When you run a batch synchronization task to synchronize data to a Hive data source, temporary files are generated on the server. After the batch synchronization task finishes running, the temporary files are automatically deleted. DataWorks cannot ensure that the number of generated temporary files does not exceed the upper limit for the number of files that are allowed in an HDFS directory. You must pay attention to the upper limit allowed in the HDFS directory and make sure that the number of generated temporary files does not exceed the upper limit. This can prevent the HDFS service from being unavailable due to excessive temporary files.
Note
You can change the value of the dfs.namenode.fs-limits.max-directory-items parameter on the server to define the maximum number of non-recursive directories or files that can be contained in a single HDFS directory.

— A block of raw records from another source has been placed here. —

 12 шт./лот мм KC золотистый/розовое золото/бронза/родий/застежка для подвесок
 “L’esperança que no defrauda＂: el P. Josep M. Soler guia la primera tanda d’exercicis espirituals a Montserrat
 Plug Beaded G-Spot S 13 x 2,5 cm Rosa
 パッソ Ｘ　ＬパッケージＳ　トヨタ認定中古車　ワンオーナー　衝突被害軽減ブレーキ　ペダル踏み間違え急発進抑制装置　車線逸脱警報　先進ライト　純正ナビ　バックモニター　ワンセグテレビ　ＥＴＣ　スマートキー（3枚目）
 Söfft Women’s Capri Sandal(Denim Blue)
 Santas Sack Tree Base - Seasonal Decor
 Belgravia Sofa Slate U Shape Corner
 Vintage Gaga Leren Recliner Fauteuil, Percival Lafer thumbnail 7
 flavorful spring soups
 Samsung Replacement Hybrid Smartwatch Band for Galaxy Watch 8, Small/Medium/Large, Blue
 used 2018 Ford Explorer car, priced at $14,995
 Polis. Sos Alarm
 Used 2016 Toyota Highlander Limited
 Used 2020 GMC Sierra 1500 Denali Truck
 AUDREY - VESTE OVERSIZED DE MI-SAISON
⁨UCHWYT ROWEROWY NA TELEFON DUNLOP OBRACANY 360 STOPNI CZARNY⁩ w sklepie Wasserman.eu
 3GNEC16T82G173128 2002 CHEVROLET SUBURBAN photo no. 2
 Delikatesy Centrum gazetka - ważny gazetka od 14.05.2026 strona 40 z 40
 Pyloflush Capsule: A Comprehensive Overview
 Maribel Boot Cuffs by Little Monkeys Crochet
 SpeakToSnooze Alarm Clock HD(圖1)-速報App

The value range of this parameter is from 1 to 6400000. The default value of this parameter is 1048576. To prevent the number of temporary files that are generated from exceeding the upper limit for the number of files that are allowed in an HDFS directory, you can specify a larger value for the dfs.namenode.fs-limits.max-directory-items parameter or delete the files that are no longer required from the directory.
Hive data sources support only Kerberos authentication. If you do not need to perform identity authentication for a Hive data source, you can set the Special Authentication Method parameter to None when you add the data source.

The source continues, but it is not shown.